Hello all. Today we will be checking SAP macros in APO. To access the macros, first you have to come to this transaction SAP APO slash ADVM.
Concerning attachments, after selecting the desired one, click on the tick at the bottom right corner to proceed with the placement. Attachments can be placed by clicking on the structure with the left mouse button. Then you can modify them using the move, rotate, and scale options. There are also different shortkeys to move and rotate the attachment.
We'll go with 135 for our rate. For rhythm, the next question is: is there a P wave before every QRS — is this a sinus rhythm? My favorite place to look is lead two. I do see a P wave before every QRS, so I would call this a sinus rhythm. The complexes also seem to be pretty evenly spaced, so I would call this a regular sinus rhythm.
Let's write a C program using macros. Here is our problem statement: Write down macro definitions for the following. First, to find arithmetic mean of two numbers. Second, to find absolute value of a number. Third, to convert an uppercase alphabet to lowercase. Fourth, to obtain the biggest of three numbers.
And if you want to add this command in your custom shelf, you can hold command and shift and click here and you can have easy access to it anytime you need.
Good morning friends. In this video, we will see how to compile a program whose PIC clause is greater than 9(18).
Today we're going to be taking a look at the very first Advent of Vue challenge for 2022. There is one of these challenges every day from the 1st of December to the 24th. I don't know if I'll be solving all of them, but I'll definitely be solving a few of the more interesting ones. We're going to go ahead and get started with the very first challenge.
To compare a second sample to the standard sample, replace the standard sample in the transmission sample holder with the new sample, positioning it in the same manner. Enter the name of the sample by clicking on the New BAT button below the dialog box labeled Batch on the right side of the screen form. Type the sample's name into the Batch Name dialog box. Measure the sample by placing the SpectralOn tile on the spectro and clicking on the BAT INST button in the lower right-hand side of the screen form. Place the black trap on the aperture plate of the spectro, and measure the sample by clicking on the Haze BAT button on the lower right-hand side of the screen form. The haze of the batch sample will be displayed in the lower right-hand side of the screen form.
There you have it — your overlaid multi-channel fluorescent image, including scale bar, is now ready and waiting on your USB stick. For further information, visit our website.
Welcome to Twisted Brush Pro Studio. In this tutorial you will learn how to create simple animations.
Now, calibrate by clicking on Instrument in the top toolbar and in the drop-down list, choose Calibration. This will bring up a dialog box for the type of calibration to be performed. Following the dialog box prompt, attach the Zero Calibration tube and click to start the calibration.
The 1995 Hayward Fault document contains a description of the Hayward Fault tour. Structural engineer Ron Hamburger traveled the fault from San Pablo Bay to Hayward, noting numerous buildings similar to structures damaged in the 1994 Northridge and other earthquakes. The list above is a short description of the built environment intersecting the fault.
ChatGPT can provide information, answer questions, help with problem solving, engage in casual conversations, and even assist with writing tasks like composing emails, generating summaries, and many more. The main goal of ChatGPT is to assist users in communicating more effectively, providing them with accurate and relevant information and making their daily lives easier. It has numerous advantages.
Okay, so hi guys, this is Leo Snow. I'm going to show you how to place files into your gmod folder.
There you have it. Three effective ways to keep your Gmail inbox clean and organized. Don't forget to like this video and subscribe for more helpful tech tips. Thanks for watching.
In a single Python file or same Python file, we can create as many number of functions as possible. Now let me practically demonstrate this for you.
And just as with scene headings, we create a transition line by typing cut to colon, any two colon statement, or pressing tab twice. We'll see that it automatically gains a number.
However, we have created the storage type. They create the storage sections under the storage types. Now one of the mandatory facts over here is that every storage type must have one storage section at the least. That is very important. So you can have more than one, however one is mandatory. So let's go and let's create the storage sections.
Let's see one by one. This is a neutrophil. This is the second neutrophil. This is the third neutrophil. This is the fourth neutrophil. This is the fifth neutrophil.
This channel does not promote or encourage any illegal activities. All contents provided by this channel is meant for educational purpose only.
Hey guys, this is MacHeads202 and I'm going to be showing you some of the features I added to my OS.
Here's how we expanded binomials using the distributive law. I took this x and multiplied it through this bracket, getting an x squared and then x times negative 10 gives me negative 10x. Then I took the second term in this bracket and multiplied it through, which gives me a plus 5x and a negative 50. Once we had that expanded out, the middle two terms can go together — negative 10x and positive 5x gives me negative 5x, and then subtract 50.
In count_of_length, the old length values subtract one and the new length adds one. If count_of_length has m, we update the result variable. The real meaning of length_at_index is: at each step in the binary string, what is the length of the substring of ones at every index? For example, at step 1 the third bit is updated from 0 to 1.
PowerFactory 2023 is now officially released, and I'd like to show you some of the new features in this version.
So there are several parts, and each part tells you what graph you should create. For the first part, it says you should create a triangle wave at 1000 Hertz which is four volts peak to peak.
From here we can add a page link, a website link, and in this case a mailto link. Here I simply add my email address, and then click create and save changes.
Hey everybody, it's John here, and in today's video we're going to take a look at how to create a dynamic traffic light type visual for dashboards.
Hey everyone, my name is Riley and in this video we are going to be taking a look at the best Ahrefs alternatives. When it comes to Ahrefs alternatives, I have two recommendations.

▶ [Problem requirements] Lines containing the word "create" are to be tallied across the entries above; give only the resulting count.

▶ [Solution for this problem] 7